Abbas also criticized the mediation efforts of Obama’s special envoy George Mitchell who has shuttled between the Israelis and Palestinians for more than two years. “Every visit by Mitchell, we talked to him and gave him some ideas. At the end we discovered that he did not convey any of these ideas to the Israelis. What does it mean?”
Another telling example cited in Ephron’s interview with the embattled leader of Fatah, deals with threats from Obama and Hillary Clinton to withhold the $475 million in aid if Abbas did not withdraw a UN Security Council resolution demanding that Israel immediately and completely cease all settlements on lands stolen from the Palestinians.
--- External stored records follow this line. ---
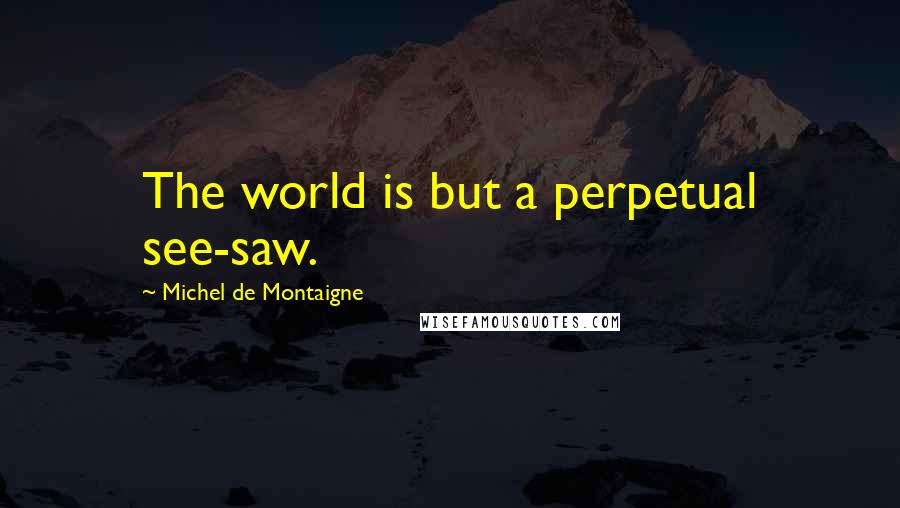 Michel De Montaigne Quotes: The world is but a perpetual see-saw.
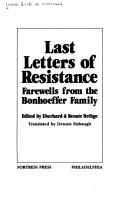 Cover of: Last letters of resistance by edited by Eberhard & Renate Bethge ; translated by Dennis Slabaugh.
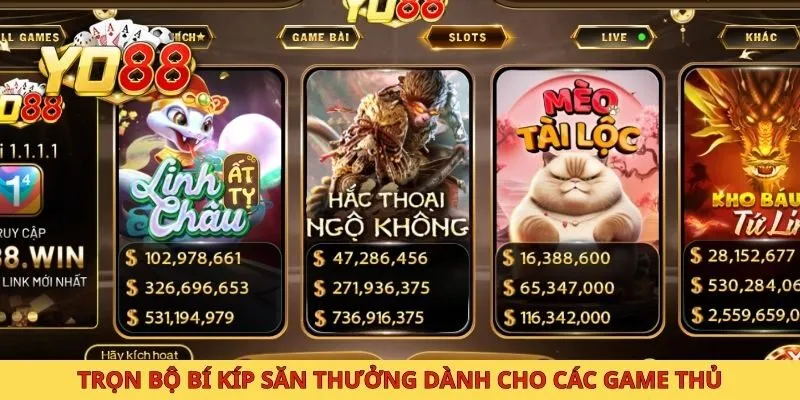 Trọn bộ bí kíp săn thưởng dành cho các game thủ.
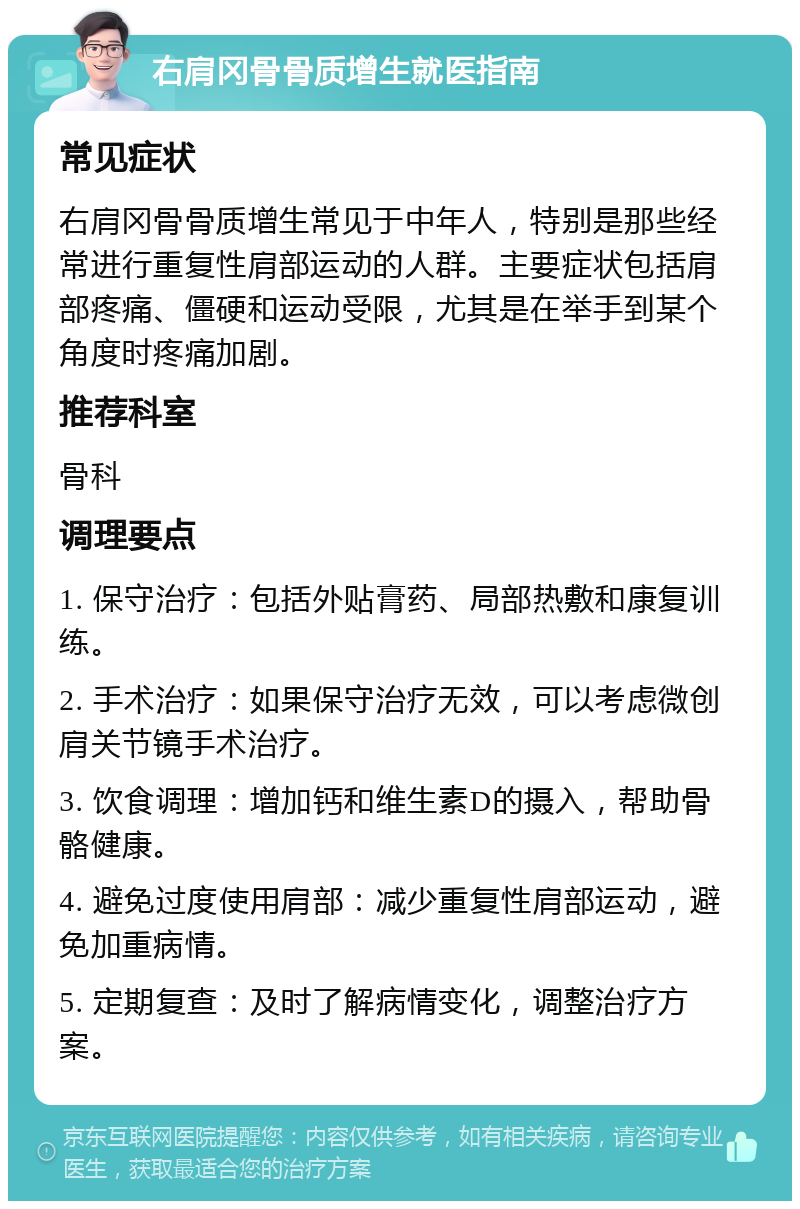 右肩冈骨骨质增生就医指南 常见症状 右肩冈骨骨质增生常见于中年人，特别是那些经常进行重复性肩部运动的人群。主要症状包括肩部疼痛、僵硬和运动受限，尤其是在举手到某个角度时疼痛加剧。 推荐科室 骨科 调理要点 1. 保守治疗：包括外贴膏药、局部热敷和康复训练。 2. 手术治疗：如果保守治疗无效，可以考虑微创肩关节镜手术治疗。 3. 饮食调理：增加钙和维生素D的摄入，帮助骨骼健康。 4. 避免过度使用肩部：减少重复性肩部运动，避免加重病情。 5. 定期复查：及时了解病情变化，调整治疗方案。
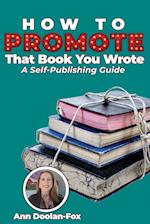 How To Promote That Book You Wrote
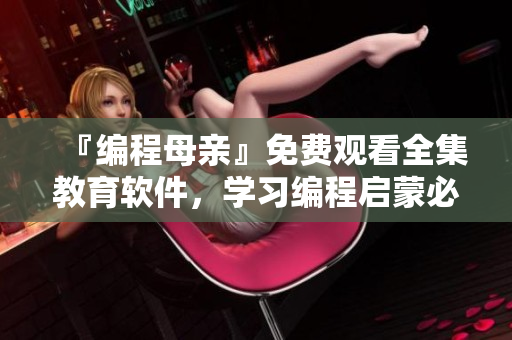 『編程母親』免費(fèi)觀看全集教育軟件，學(xué)習(xí)編程啟蒙必備！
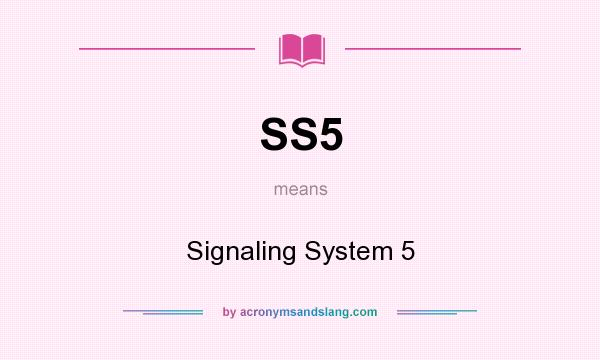 What does SS5 mean? It stands for Signaling System 5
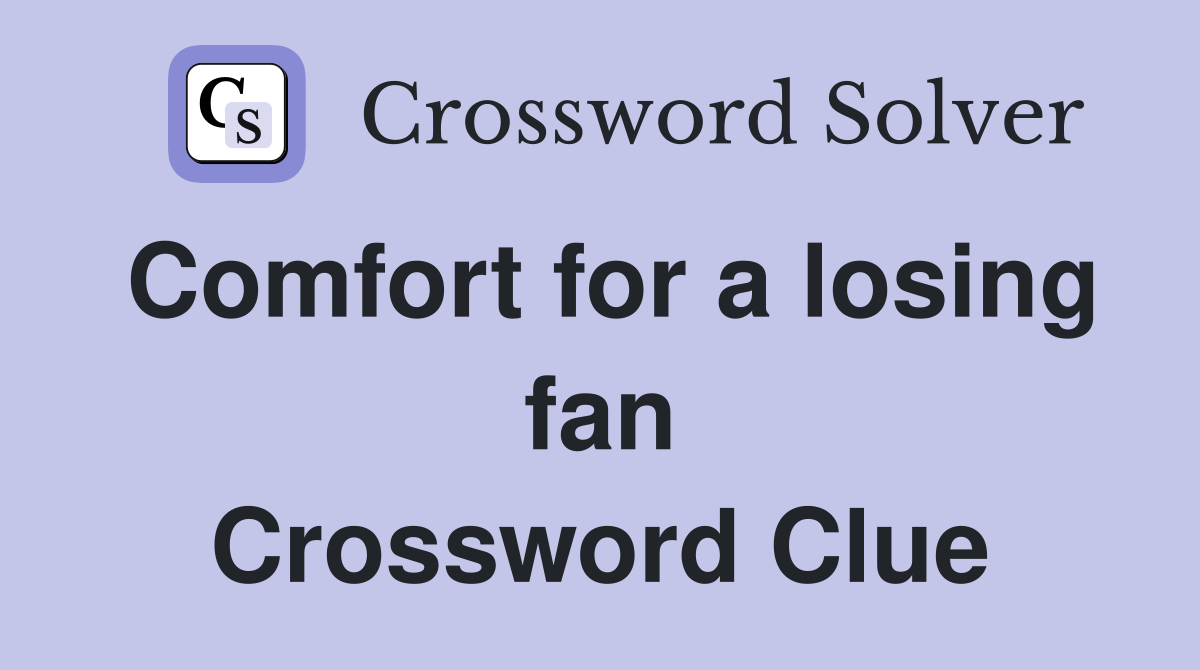 Comfort for a losing fan Crossword Clue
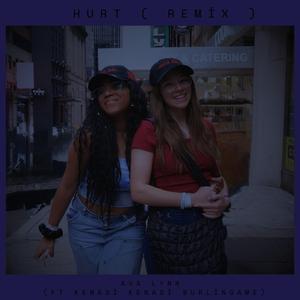 Hurt (Remix) (feat. Kenadi Burlingame) (Remixed Version)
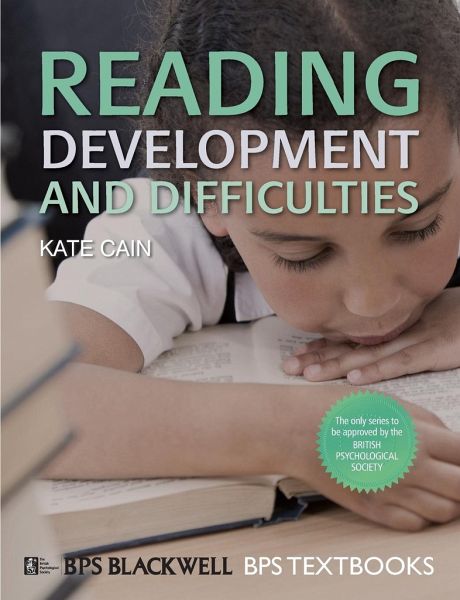 Reading Development and Difficulties Reading Development and Difficulties
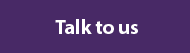 Talk to us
Ephron relates that for 55 minutes on the phone, Obama first reasoned with and then pressured Abbas to withdraw the resolution. Then the American president politely made what Abbas describes as a “list of sanctions” Palestinians would endure if the vote went ahead. After informing Obama that he would not withdraw the resolution, Clinton followed up with a 30-minute exhortation of her own. More pressure followed. Lower-level US officials also phoned several influential Palestinian figures in Ramallah and asked them to use their sway over the Palestinian leader.
This account by Ephron provides a number of clues to why Abbas may have accepted some of Hamas’ key demands in order to reconcile and forge a new unity to advance Palestine’s quest for freedom and justice. The agreement has been hailed by both sides as “historic” while predictably the Netanyahu regime has reacted with bitter hostility. He has issued an ultimatum to Abbas to choose between Hamas or Israel.
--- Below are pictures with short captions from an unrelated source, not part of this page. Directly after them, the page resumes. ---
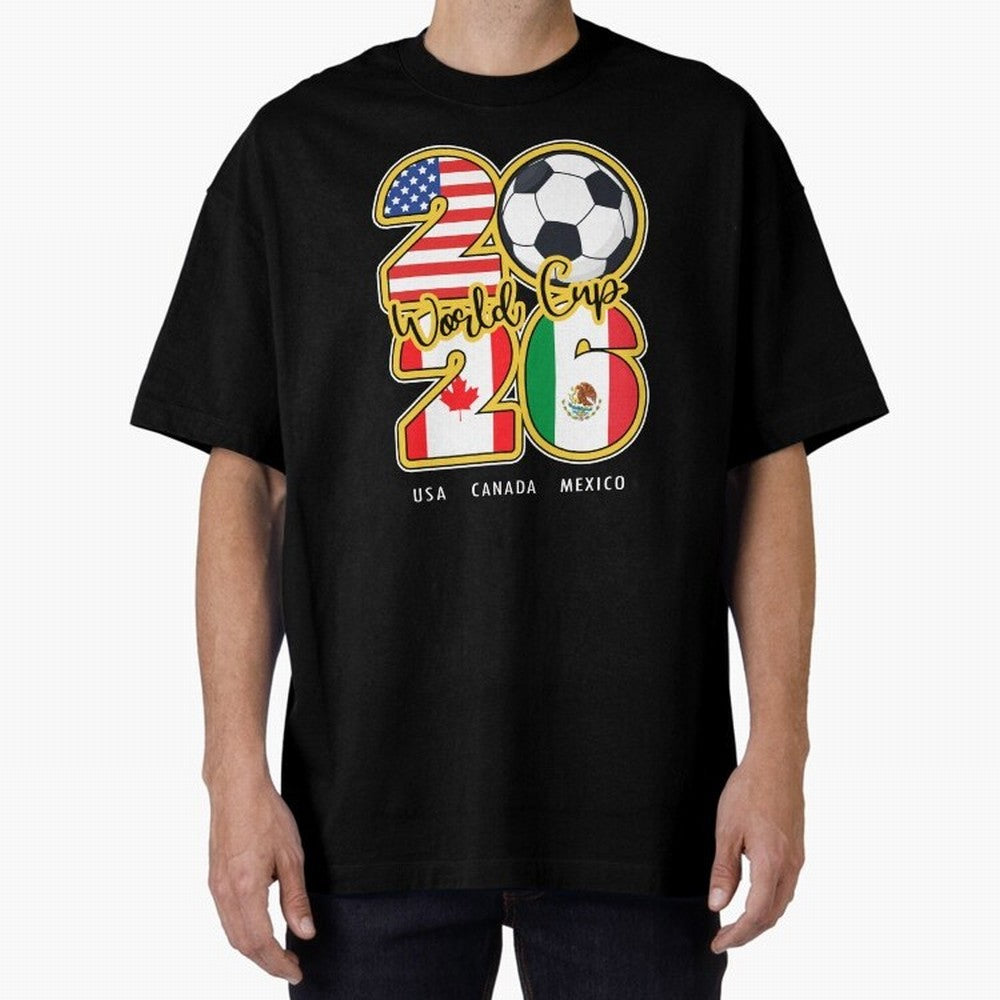 Usa Canada Mexico Soccer 2026 Oversized T-Shirt Upgrade FIFA World Cup 2026 Capturing Neymar, France and Portugal Energy, Retro Football Energy, Iconic Rivalries, Trophy Chase Drama and Stadium Atmosphere; Ideal for Fans Who Follow Messi, Cristiano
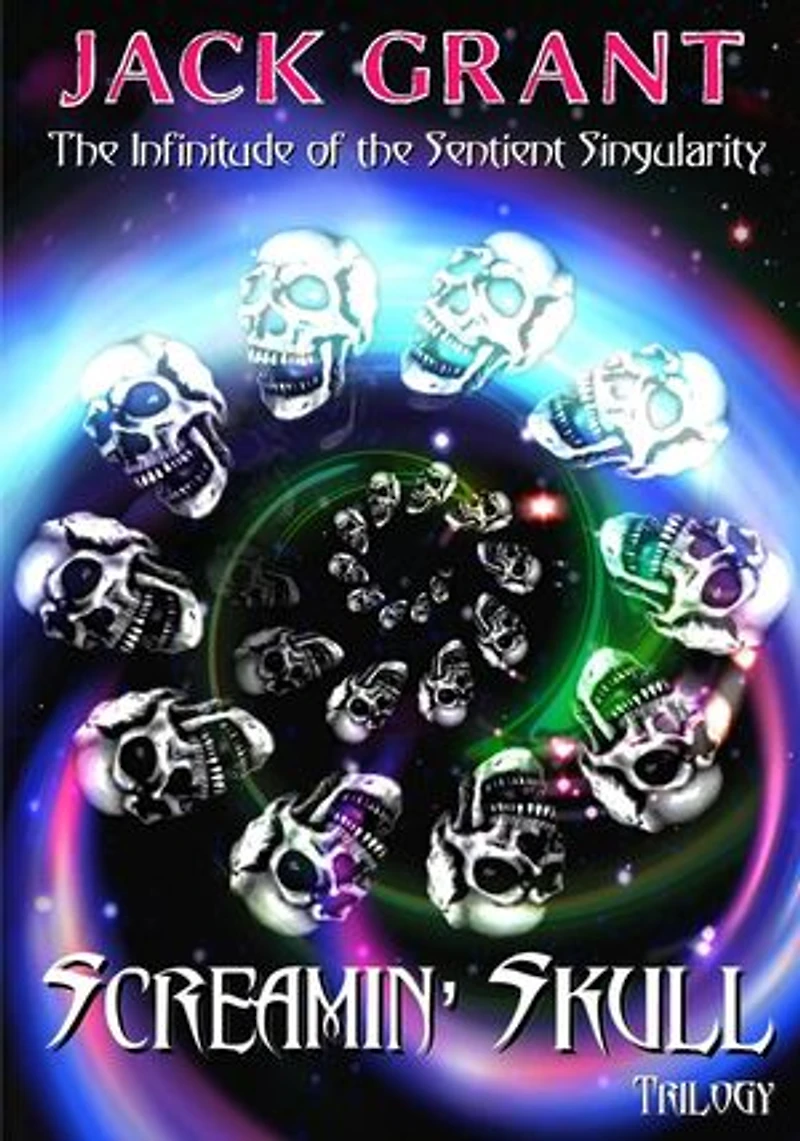 Screamin' Skull Trilogy: The Infinitude Of The Sentient Singularity, #1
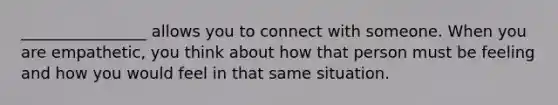 ________________ allows you to connect with someone. When you are empathetic, you think about how that person must be feeling and how you would feel in that same situation.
It is clear that neither Israel nor the Obama administration will tolerate Hamas’ ascendancy given their enormous efforts to destroy and annihilate the Islamic movement’s unyielding commitment to free Palestine.
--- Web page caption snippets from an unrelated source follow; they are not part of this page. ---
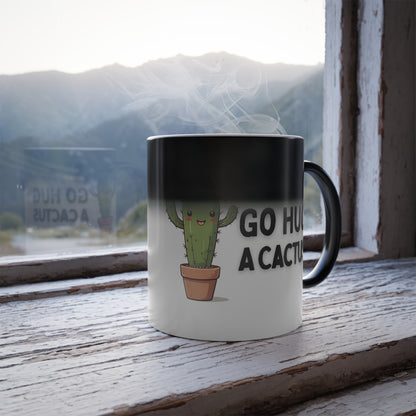 Go Hug A Cactus, Color Morphing Mug, 11oz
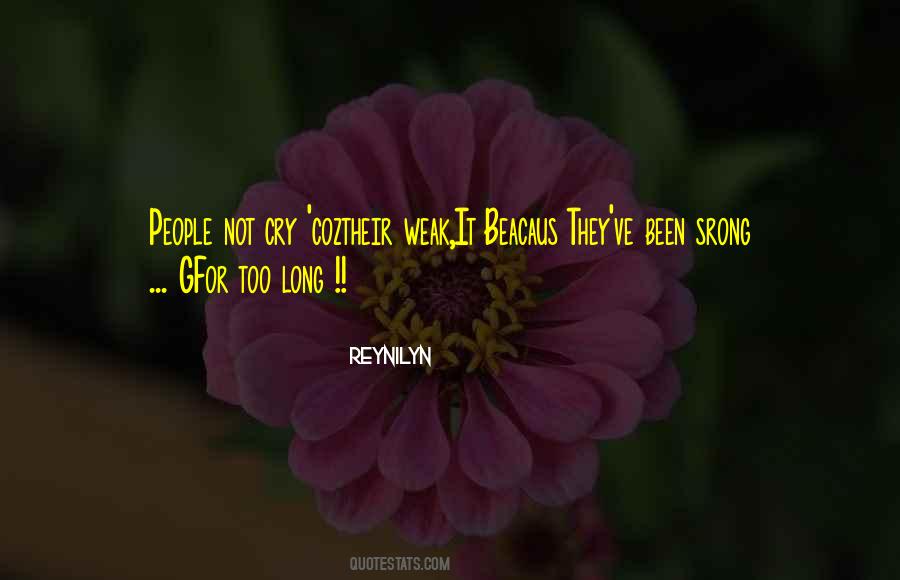 Been Too Long Quotes #600739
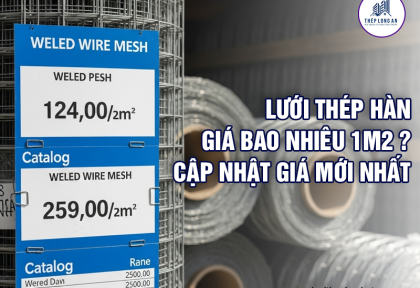 Lưới thép hàn giá bao nhiêu 1m²? Cập nhật giá mới nhất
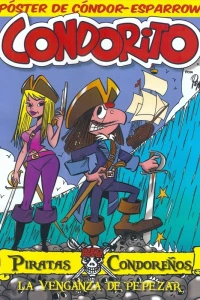 Piratas Condoreños- La venganza de Pepezar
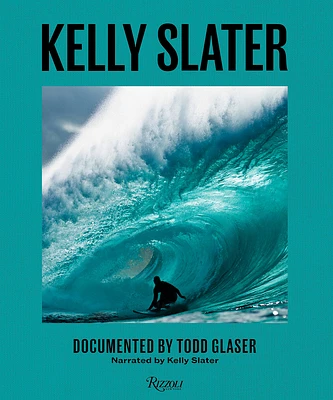 Kelly Slater: A Life of Waves (Hardcover)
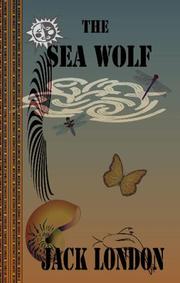 Cover of: The Sea Wolf (Quiet Vision Classic) by Jack London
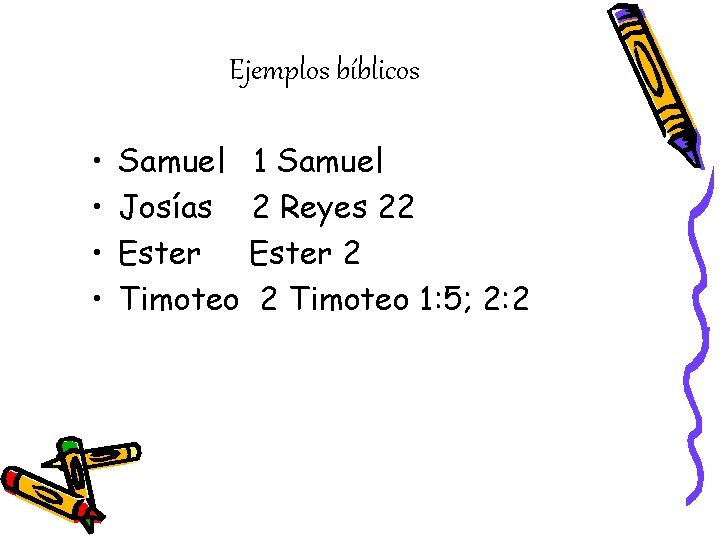 Ejemplos bíblicos • • Samuel 1 Samuel Josías 2 Reyes 22 Ester 2 Timoteo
While the prospect for change in the matrix of Israel/Palestine politics is inevitable, it remains to be seen whether Abbas and his Fatah movement will be able to sustain this agreement in the face of pressure and the range of dirty tactics including blackmail deployed by the US and Israel. Meanwhile, there was some good news for Gaza. On April 28, Egyptian Foreign Minister Nabil al-Araby told al-Jazeera television that his government had decided to lift the Israeli blockade of Gaza. Not only people but also goods would pass through freely. Both the US and the European Union (EU) have criticized Egypt’s announcement and said this violates the agreement Cairo had reached with them. One wonders what kind of an agreement is it that would starve innocent people, including children to death in Gaza to appease the Zionist entity. The US has threatened to cut off all funding to the Palestinian Authority. Such poisoned money was meant to keep the Palestinians divided and therefore, weak.
It is clear, neither the US nor the EU have woken up to the new reality in the region.